The Philadelphia 76ers wrapped up the first half of their season with a loss to the Indiana Pacers. It seems as if the team is underperforming beyond belief. It’s the third season since “The Process” has officially ended, and the Sixers have not gotten any better under Brett Brown.
This season looks to be similar to seasons past, with the same issues dragging the Sixers down to the same record. Lacking shooting depth, Joel Embiid and Ben Simmons not working together, and bad lineup rotations continue to haunt Philly.
With that in mind, it’s time to analyze how the first half of the 2019-2020 season compares with the first halves of the previous two seasons.
Defense continues to be a strong suit for Philadelphia. The tall starting lineup. Compared to years past, their defense has improved drastically, especially at home. Their 106.2 defensive rating is sitting just outside the top five in the entire NBA.
Their home play has also been a huge contributor to saving their season. Compared to the 2017-2018 season, the Sixers have been incredible at home for the past two years. After going 18-3 at home in 2018-2019, they followed it up by achieving a 18-2 record at Wells Fargo Center in the first half of this season. Their scoring in South Philadelphia has gone down nearly six points from last season, but their defense continues to hold opponents to under 100 points and get the job done.
As for the bench, James Ennis, Furkan Korkmaz, and Matisse Thybulle have been pleasant surprises. When used correctly by coach Brett Brown, these three have flourished. Ennis’ spark, Korkmaz’s shooting, and Thybulle’s defense have been crucial in the season so far. All three have definitely been great assets for the Sixers, with Novel Pelle holding his own ground in the paint as well. Surprisingly enough, the lineup of Horford-Harris-Ennis-Simmons-Korkmaz has the second-highest offensive rating in the NBA (lineups that have played at least 20 games).
The most gleaming light that has this season stand out more than the past two is that the team is finally limited turnovers. Two seasons ago, the Sixers were averaging over 18 turnovers per night through 41 games. The year after, it was cut to about 16 per night and is now down to under 15 per game. Their ability to control possession, as well as keep their personal fouls down (dropped from 23.5 to 22.8 to 21.4) has kept the ball out of their opponent’s hands.
Through 41 games of basketball, the Sixers proceed to drive fans crazy. Night in and night out, shooting woes throw a dagger into their scoring, and defense has to carry them to a victory. In fact, this can date back all the way to the 2017 season. Since then, Philadelphia has failed to move their three-point percentage, staying consistent from 35.6 to 35.4, and now to 35.5 percent.

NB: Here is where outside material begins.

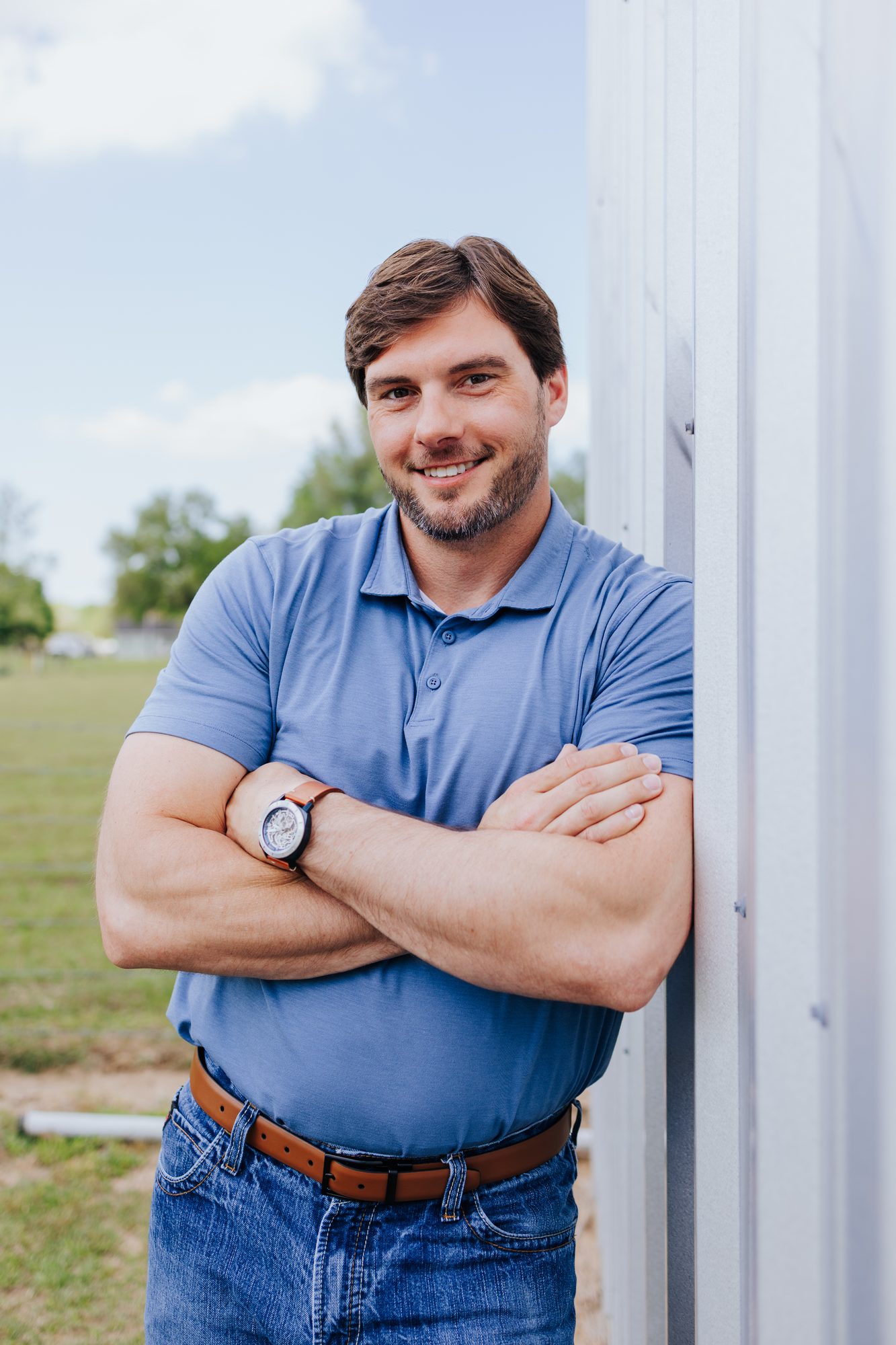 Chase Fayle smiling outdoors with his arms crossed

Surprisingly enough, the Sixers sit at 16th in the league. The way it seems watching them, though, is that they are sitting in dead last. As their shooting woes seem to be much more drastic than they actually are, it’s still a continuing issue.
If this team wants to improve and get over the hump, another shooter is needed. JJ Redick has certainly been missed, yet Tobias Harris has picked up some of the slack since the shooting slump of his own. There are options out there, yet there has been no movement on any trades before the February 6th deadline.
Now whether that falls on Elton Brand or not, Brett Brown still needs to find a way to get the most out of his bench moving forward.
The unfortunate part of this entire article is that there is much more ugly than the good and bad combined.
The Sixers have been putrid away from Philadelphia, plain and simple. Back in 2017, they were able to scrounge together a 10-10 record on the road, and it’s been downhill since. The season following, Philadelphia dropped to a 9-11 record on the road, and now have dropped to 7-14 when traveling. They only average 106.4 points a game, the lowest since the Process era ended.
The lack of road wins is going to be the Achilles’ heel of this team. Their lack of consistency could keep them from having home-court advantage in the playoffs. It’s tough to see this team having to win two or three series being the road team for a game seven, and this must change heading into the second half of the season.
Philadelphia has struggled to close out games decided by five or fewer points. A couple of seasons ago, they went 5-7 in such games, and similarily have a 6-7 record in the same situation this season. Compare that to the 2018-2019 campaign, and it’s a drastic drop from their 8-3 record. The absence of Jimmy Butler is being felt in this aspect.
As mentioned above, the three-point shooting is both bad, and ugly. Their sitting at the lowest number of three-pointers made in the past three seasons through 41 games, with 10.1 per night. Their inability to make free throws is taking a toll on their record as well. Philadelphia’s free-three percentage is the lowest its been the past three seasons, with 75.2% and 74% on the home and road, respectively.
Going into this season, the Sixers had high expectations. After only being a crazy quadruple bounce away from the Eastern Conference Finals last season, they quickly jumped to favorites in the East.
Overall, Philadelphia has struggled to find chemistry. Due to a laundry list of injuries this season, their true starting five has only played 19 of the 41 games together. Compare this to the rest of the league, and it’s impressive they only sit 2.5 games out of the second seed of the East.
However, the Sixers are in 6th place of the conference and are only 2.5 games out of the second seed.
The East is a tight and competitive conference, just as expected. If the Sixers want to solidify at least one, hopefully, two, rounds of the playoffs with home-court advantage, they need to start winning on the road. By improving some of those ugly’s listed above, the Sixers will see their finals appearance odds shoot up to preseason form.